Woodcarving was a little easier here, but chopping wood was a lot harder. On Hyacinth, despite the gravity more akin to the old Moon’s, ax work proved more difficult. One cannot split the wood along the grain, which spiraled and made it impossible. But wood needed to be chopped, as the firestove crackled with the remains of my supply.
The extra second to catch a glass elbowed from a table was nice. The reflexes adjusted in a few months. Less grav meant less stress on the spine, the knees. But the helix tree wood stressed the shoulders more when chopping and splitting. Errant chips and blocks fly faster. Only five minutes into the work and one hearty chop launched a sizeable chunk. It struck like a club to the face. I nearly blacked out. Yet the pain brought clarity and distraction. I needed both.
From my pocket I pulled a dirty rag and pressed it, gently, to my bleeding nose. I opened it to check the amount of blood and a gust of wind carried it away. No chance of catching it. Hyacinth needed it more than I. They didn’t mention the harsh winds in the brochure. Every hut was fashioned from poured concrete and designed with a low, sloping, single-story profile. When the weatherbot called out the warning, retreat inside and close the storm shutters. And don’t forget the trash bin.
But what weighed the same on Hyacinth as on Earth was the heart. The bonds of love are stable, be they a strong or a weak force, they remain constant planet to planet.
“What’s wrong with staying here?” asked Viola when I sent the happily-colored brochure to her phone: gentle teal rivers, orange-leafed forests, russet grasslands. My head spun with fantasies of living on a new planet. “Earth is far from perfect, but our friends and family are here. Everything we’ve ever known is here.”
I wore her down eventually and we cut a deal: migration in five years. Some more time with friends and family, then we’d spend the remainder of our retirement in a new place making new friends under a new sky and a new sun. Such a romantic notion! For me. I couldn’t stop talking about it. Viola would gently tell me to change the subject when I became too annoying. For her, the permanence of migration was troubling. There was no return if we didn’t like it.
We said our goodbyes at several dinners and parties. All the showered love made Viola more hesitant. But she climbed aboard the hibernation prep bed, always true to her word, even when she sensed a mistake in the making. And she loved me.

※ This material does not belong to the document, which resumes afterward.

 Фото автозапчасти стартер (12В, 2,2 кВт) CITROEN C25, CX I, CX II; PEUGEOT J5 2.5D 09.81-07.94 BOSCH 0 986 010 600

We lay next to one another for the pre-hibernation procedure, our final moments on Earth. I smiled at her reassuringly and reached for her hand. She turned away. Nerves, I thought at the time. Viola didn’t like doctors and still wasn’t all-in on leaving our home world forever. I knew she’d warm up to the new place. The ad pics and vids looked so beautiful.

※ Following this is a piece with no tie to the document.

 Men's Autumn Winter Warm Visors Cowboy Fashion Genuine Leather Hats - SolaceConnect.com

The wood on Hyacinth was harder to chop. The brochures and the contract didn’t explicitly assure guaranteed access to a broadcast power node. Some things you just expect without being writ. The twenty-acre parcel was a steal, but retirees, non-essential personnel they’d deemed us, were dumped into the rural periphery. The power node was promised…someday. Since the brochure that lured me was created nearly a hundred years before my arrival, I had no hope of a home with modern conveniences. At least water flowed from the well. Most of the time.
I was a novice wood carver on Earth, something I took up once I’d retired from the mortuary business. After migration, I’d become quite good. Expert, even. People respected my skill and remarked kindly.

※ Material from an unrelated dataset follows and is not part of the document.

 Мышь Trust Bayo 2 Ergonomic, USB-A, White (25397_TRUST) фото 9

All of my carvings were in the Green Man aesthetic. I’d become obsessed with the theme of rebirth, I suppose. But the face always emerged from the wood with a grin too satisfied, too jealous, too greedy. Or even crooked. Never benevolent. Never serene. Always selfish. Always hungry. A narcissistic Green Man. A Green Man no one liked.
Despite the compliments, no one bought my carvings. Once in a while, I threw one in the firestove. It saved a bit of wood chopping.
One in a thousand. Viola was one in a thousand. My heart weighed heavy here despite the lighter grav. Hibernation complications occurred in one in a thousand travelers.
Will I carve a thousand Green Men? Will I be doomed to carve twisted greedy smiles until my grave is carved from the Hyacinth soil beside Viola’s?
Perhaps Viola cursed me before she slept. I don’t blame her. Even in the loneliest of days, I never cursed her back.